Leading up to the Inward Outward symposium taking place October 12–15, the Netherlands Institute for Sound and Vision, Royal Netherlands Institute of Southeast Asian and Caribbean Studies (KITLV), and the Research Center for Material Culture (RCMC) are hosting a workshop for archive and museum practitioners and people working with institutional collections. The aim of this workshop is to assist participants in developing, in a collaborative manner, ethical frameworks for taking care of collections comprising both historical and contemporary materials that have been shaped by colonial frameworks in both structural and epistemological ways.
The workshop will be a space in which participants can engage critically with materials under their care, as well as develop strategies for their mobilisation. Instead of approaching archival collections as inert sources, the workshop will consider how various affective encounters with archival materials can inform such ethics of care. It is conceived to provide an opportunity for participants to share the challenges they face and learn from one another’s experiences. We do not seek to preclude methodologies for working with challenging material, but rather, the workshop endeavours to help us imagine creative and practical ways whereby to re-see and reframe them, as well as for recognising and dealing with the emotional valences they carry.

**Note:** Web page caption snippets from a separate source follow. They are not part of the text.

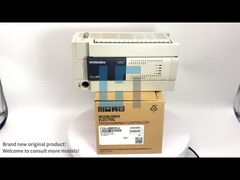 New original Mitsubishi FX3U-48MR/ES-A PLC programmable controller module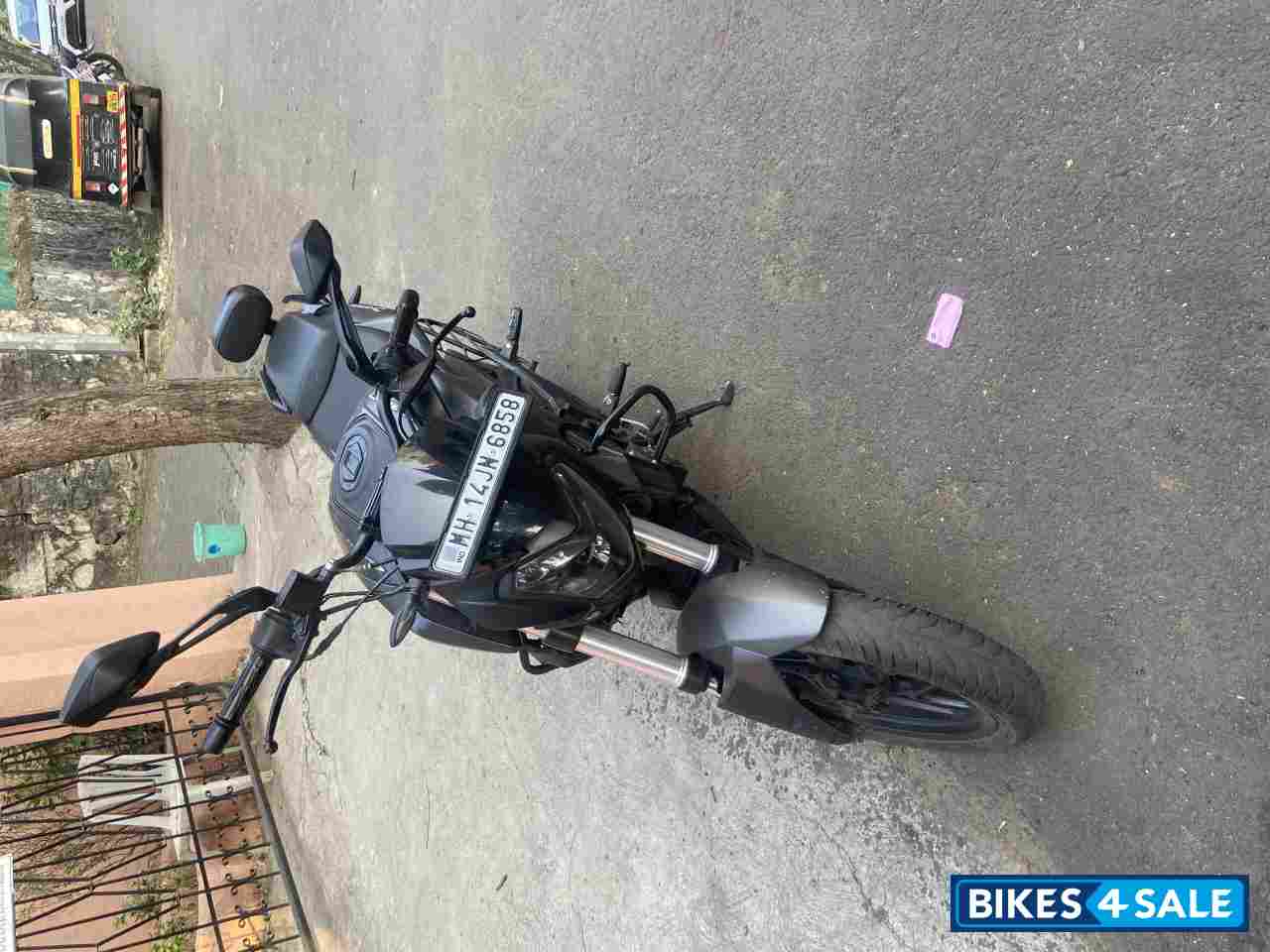 Bajaj Dominar 250 Bajaj Dominar 250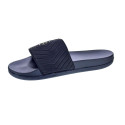Chanclas Cruyff zapatos Hombre modelo Hex Slide Negro 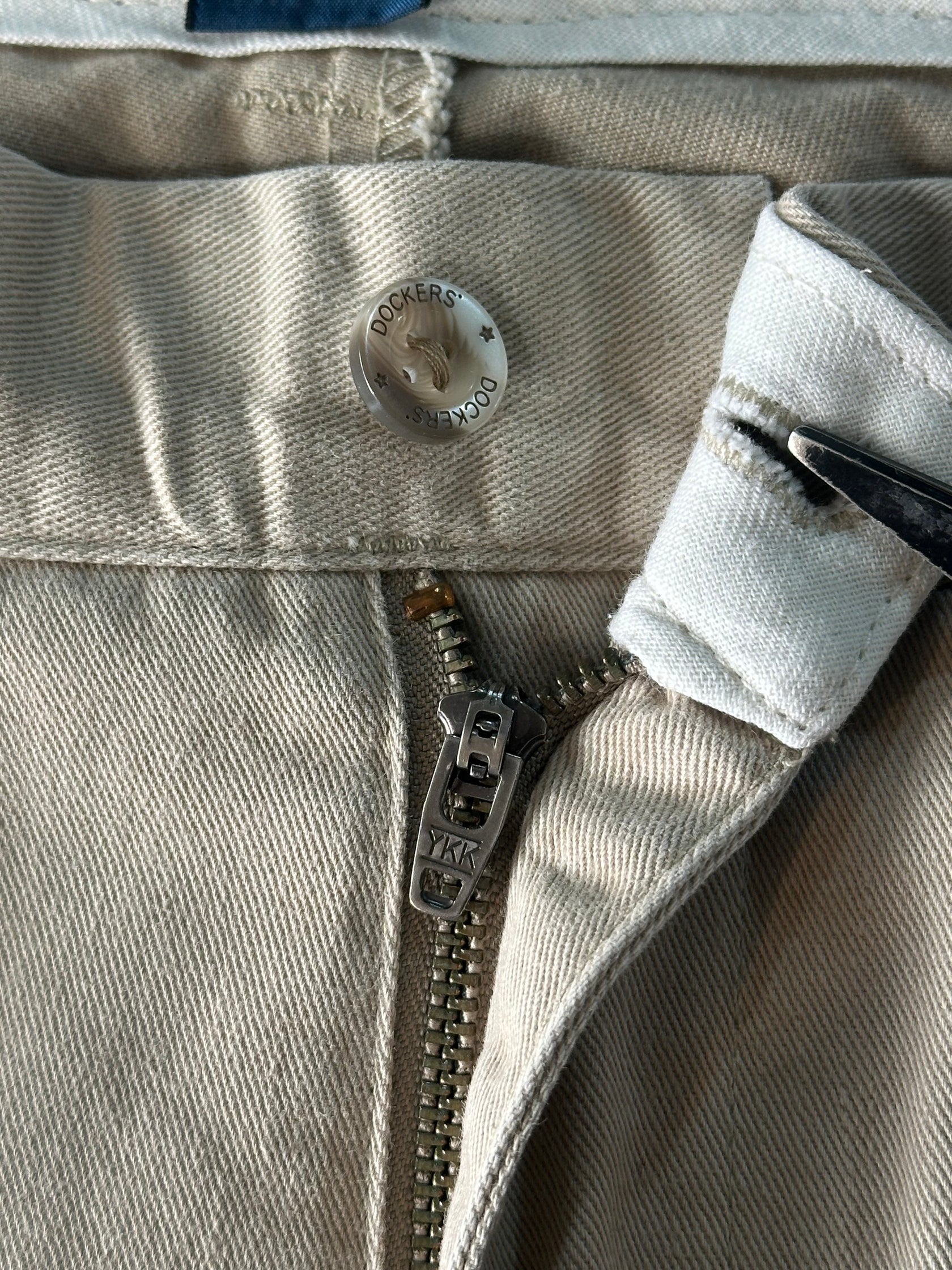 90's RALPH LAUREN チノパンツ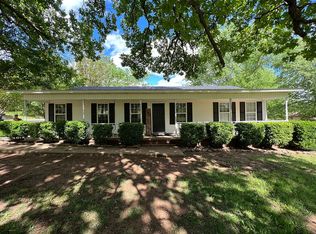 102 NE Brassfield Rd, Muldrow, OK 74948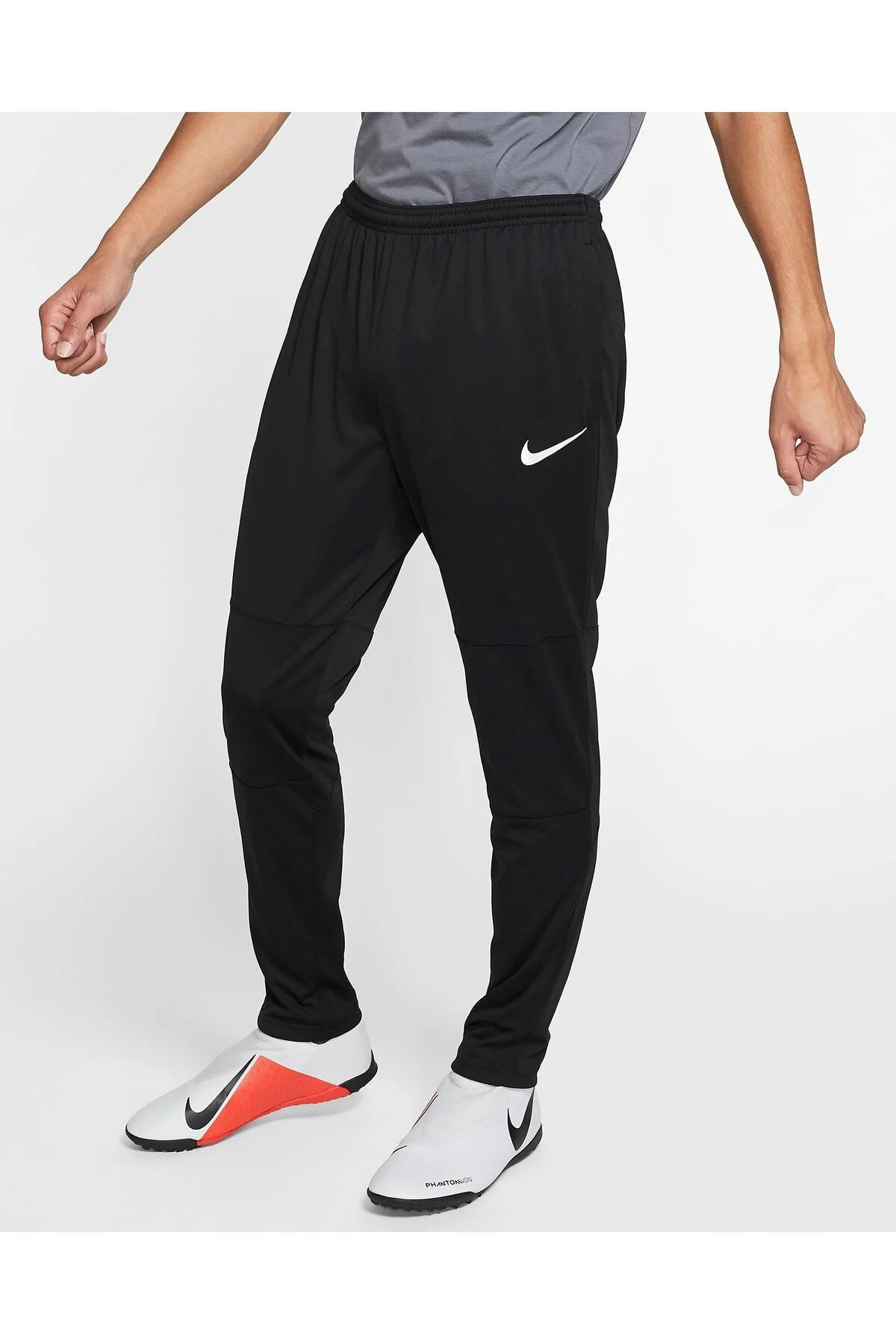 شلوار گرمکن ورزشی مشکی مردانه و زنانه Park20 Pant Bv687010 Service Six نایک Nike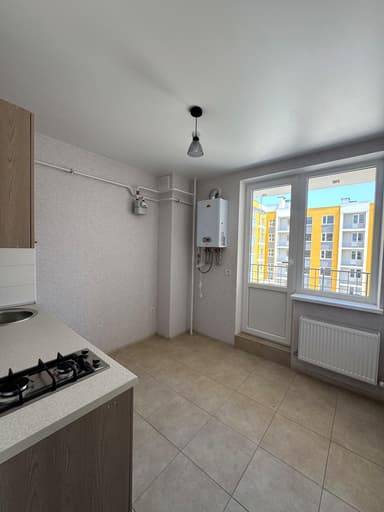 1-кімнатна квартира за адресою (площа 34,5 м²) - фото 9 1-кімнатна квартира за адресою (площа 34,5 м²) - Atlanta.ua - фото 9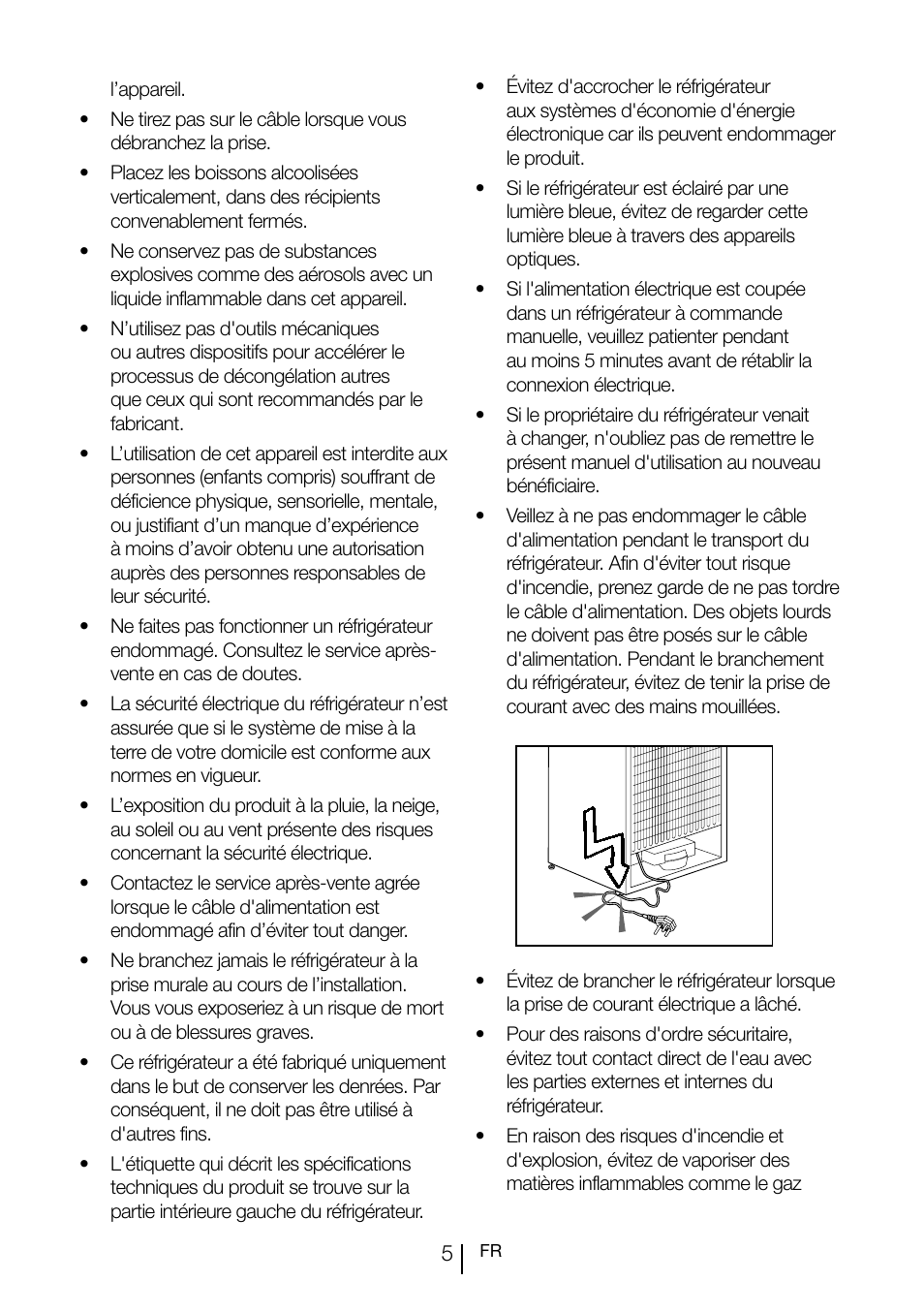 Teka TGI2 120 D User Manual | Page 48 / 82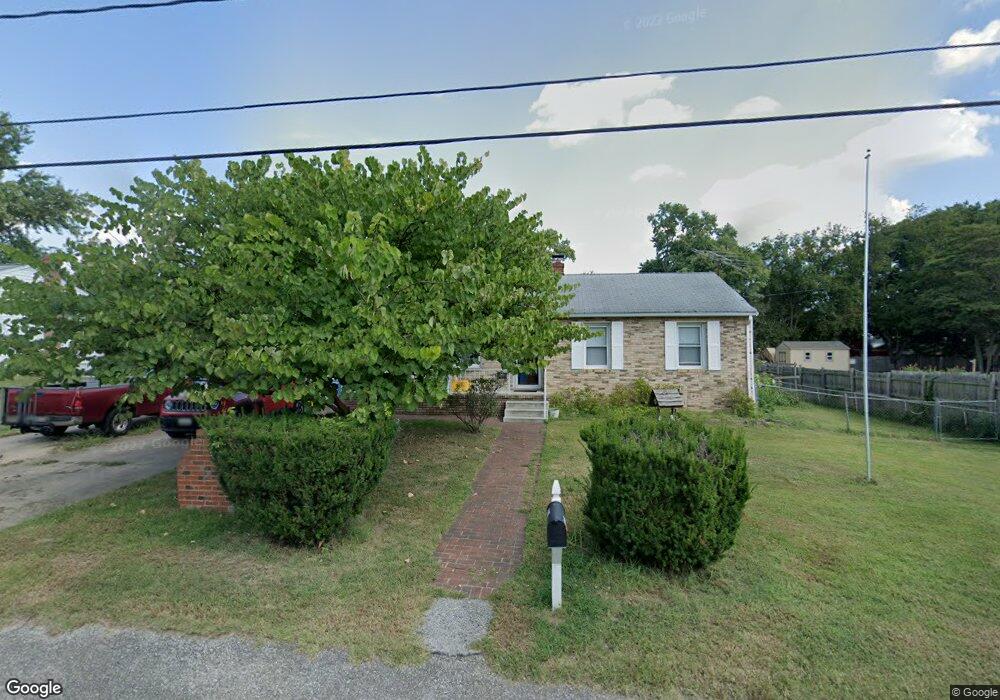 1210 Farmview Rd, Pasadena, MD 21122 - photo 1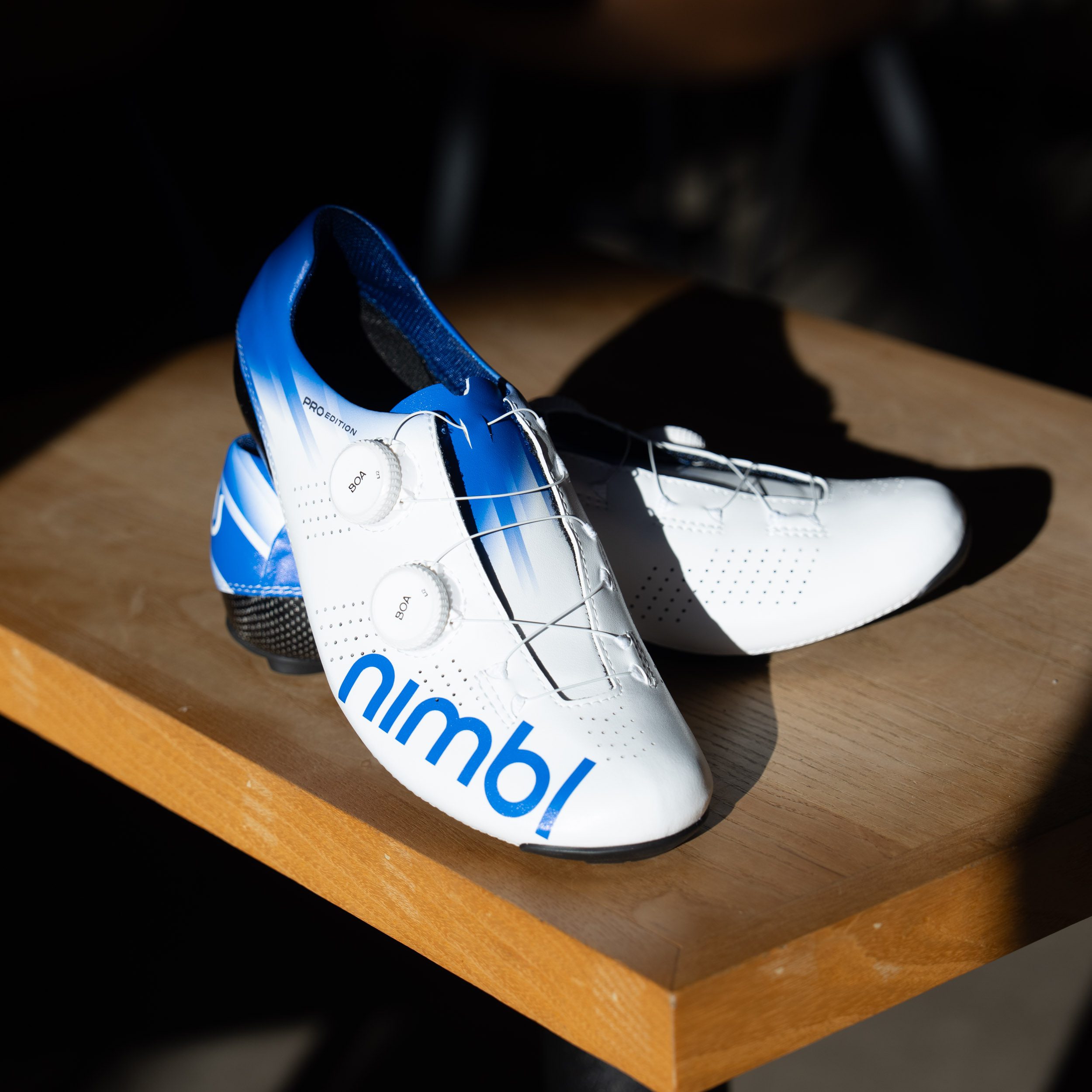 Nimbl Ultimate Exceed Pro Edition Summer Victory | Regroup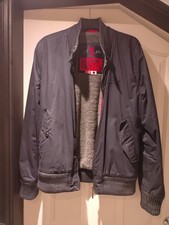 Superdry Men's Bomber Jacket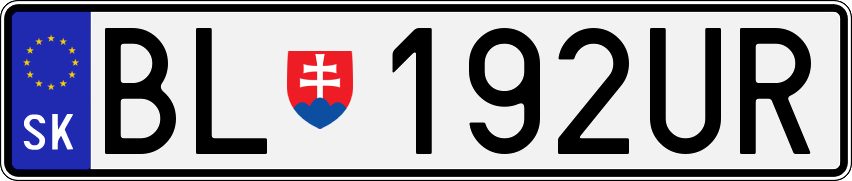 Typ III - Bežná 1R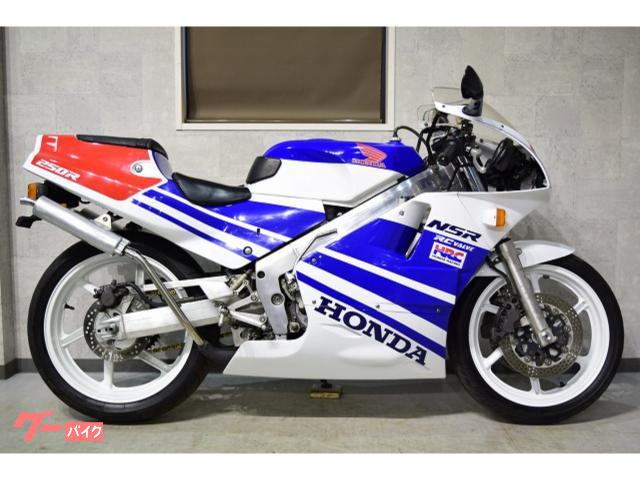 ｎｓｒ２５０ｒ ホンダ のバイクを探すなら グーバイク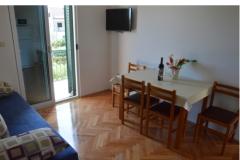 Apartmány Matutinovic Apartmán 2: (4+1) – Apartman 2 foto 4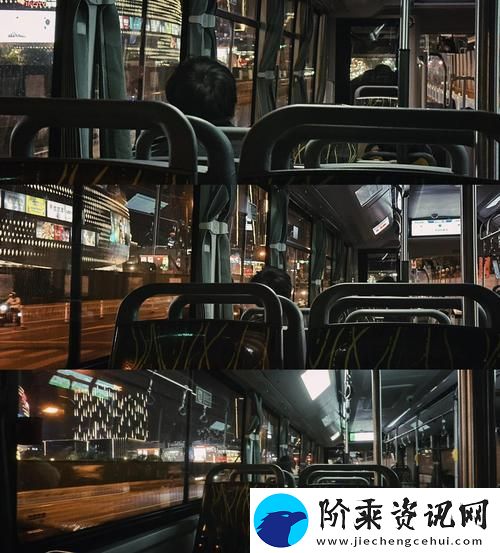 探险肉欲公交车系列500：一个禁忌的旅程
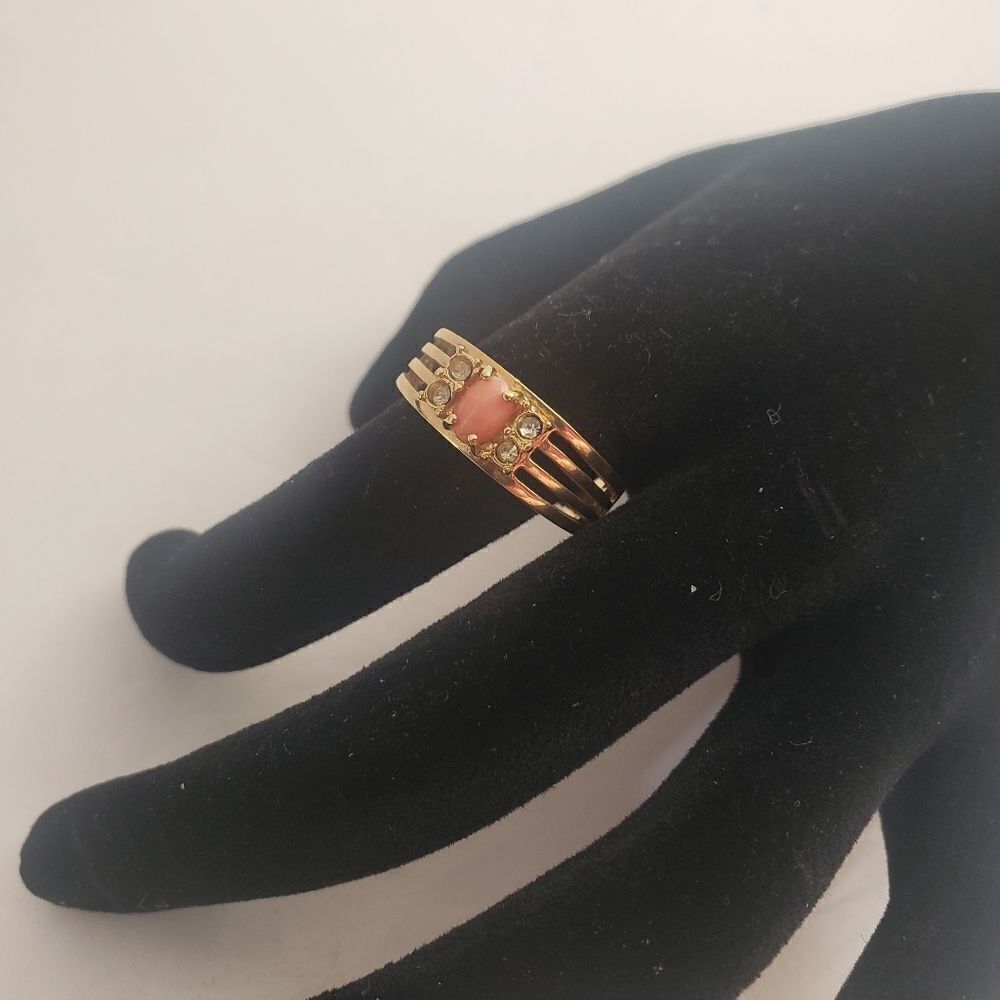 Avon ring 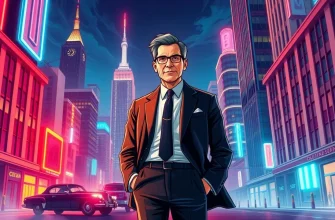 Film drammatici sui senatori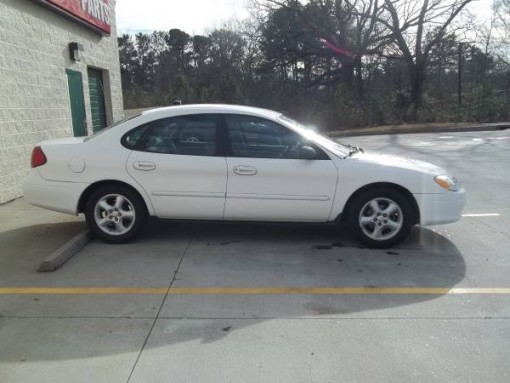 State Farm Insurance Rate Quote For 2000 FORD TAURUS SEL 2WD SEDAN 4 DOOR - 3.0L V6  PFI      24V NP4 $141.65 Per Month 9416814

The workshop will be presented by Carine Zaayman, an artist, curator and scholar committed to critical engagement with colonial archives and collections, specifically those holding strands of Khoekhoe pasts. Bringing intangible and neglected histories into view is a key motivation for her work. Her research aims to contribute to a radical reconsideration of colonial archives and museum collections, especially by assisting in finding ways to release their hold over our imaginations when we narrate the past, as well as how we might shape futures from it. She obtained a PhD in Fine Art from the University of Cape Town in 2019 where she also worked at the Michaelis School of Fine Art and the Centre for Curating the Archive. At present, Zaayman is a postdoctoral fellow at the Vrije Universiteit, Amsterdam, as a team member in the NWO Worlding Public Cultures project, as well as a research associate at the Research Centre for Material Culture.